5.3. Pipeline: chaining estimators¶
Pipeline can be used to chain multiple estimators into one. This is useful as there is often a fixed sequence of steps in processing the data, for example feature selection, normalization and classification. Pipeline serves two purposes here:
Convenience: You only have to call fit and predict once on your data to fit a whole sequence of estimators.
Joint parameter selection: You can grid search over parameters of all estimators in the pipeline at once.
For estimators to be usable within a pipeline, all except the last one need to have a transform function. Otherwise, the dataset can not be passed through this estimator.
5.3.1. Usage¶
The Pipeline is build using a list of (key, value) pairs, where the key a string containing the name you want to give this step and value is an estimator object:
>>> from sklearn.pipeline import Pipeline
>>> from sklearn.svm import SVC
>>> from sklearn.decomposition import PCA
>>> estimators = [('reduce_dim', PCA()), ('svm', SVC())]
>>> clf = Pipeline(estimators)
>>> clf
Pipeline(steps=[('reduce_dim', PCA(copy=True, n_components=None,
whiten=False)), ('svm', SVC(C=1.0, cache_size=200, class_weight=None,
coef0=0.0, degree=3, gamma=0.0, kernel='rbf', probability=False,
shrinking=True, tol=0.001, verbose=False))])
The estimators of the pipeline are stored as a list in the steps attribute:
>>> clf.steps[0]
('reduce_dim', PCA(copy=True, n_components=None, whiten=False))
and as a dict in named_steps:
>>> clf.named_steps['reduce_dim']
PCA(copy=True, n_components=None, whiten=False)

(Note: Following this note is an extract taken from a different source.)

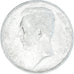 Monnaie, Belgique, Franc, 1911, TB+, Argent, KM:73.1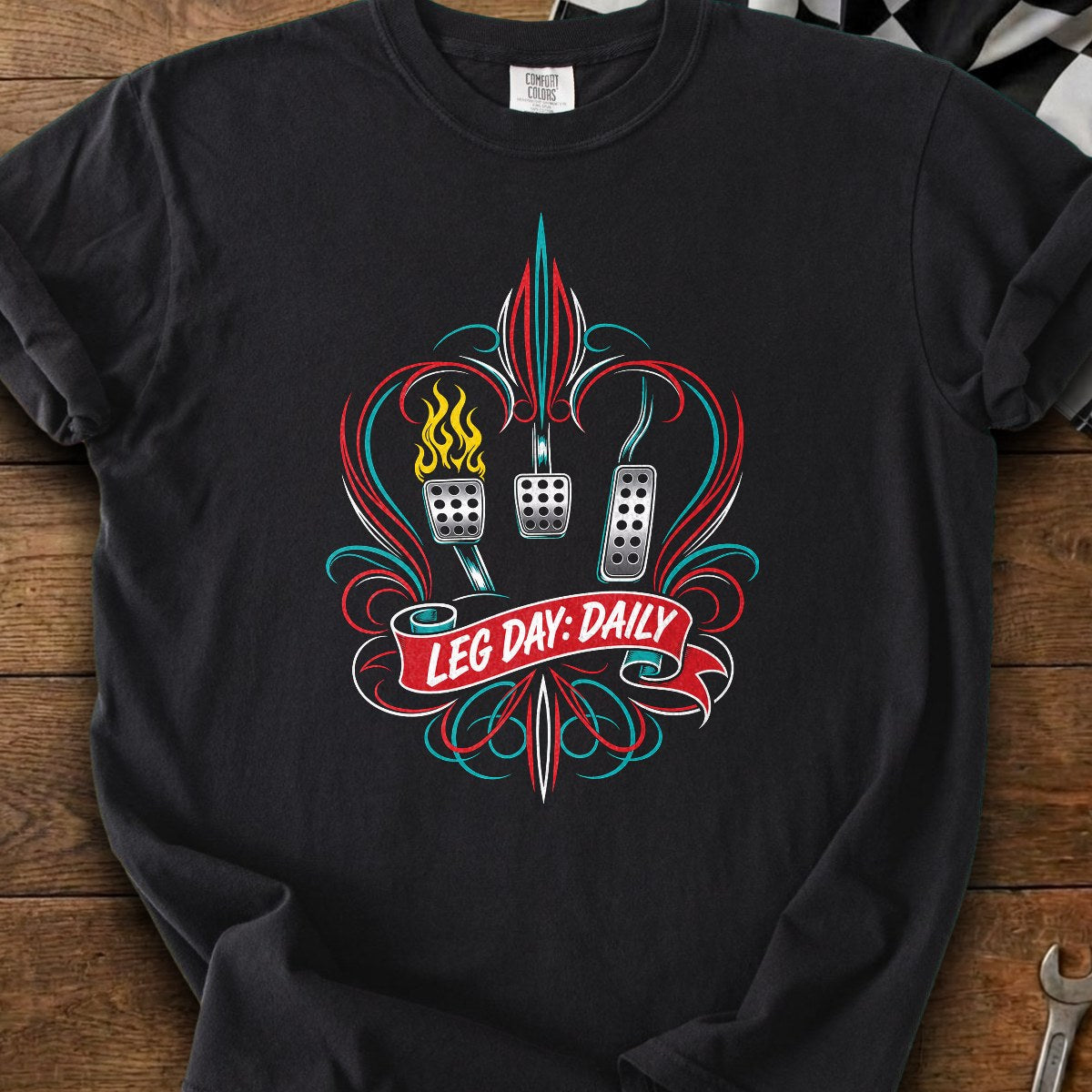 Black | Front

Parameters of the estimators in the pipeline can be accessed using the <estimator>__<parameter> syntax:
>>> clf.set_params(svm__C=10) # NORMALIZE_WHITESPACE
Pipeline(steps=[('reduce_dim', PCA(copy=True, n_components=None, whiten=False)), ('svm', SVC(C=10, cache_size=200, class_weight=None, coef0=0.0, degree=3, gamma=0.0,
kernel='rbf', probability=False, shrinking=True, tol=0.001,
verbose=False))])
This is particularly important for doing grid searches:
>>> from sklearn.grid_search import GridSearchCV
>>> params = dict(reduce_dim__n_components=[2, 5, 10],
... svm__C=[0.1, 10, 100])
>>> grid_search = GridSearchCV(clf, param_grid=params)
5.3.2. Notes¶
Calling fit on the pipeline is the same as calling fit on each estimator in turn, transform the input and pass it on to the next step. The pipeline has all the methods that the last estimator in the pipline has, i.e. if the last estimator is a classifier, the Pipeline can be used as a classifier. If the last estimator is a transformer, again, so is the pipeline.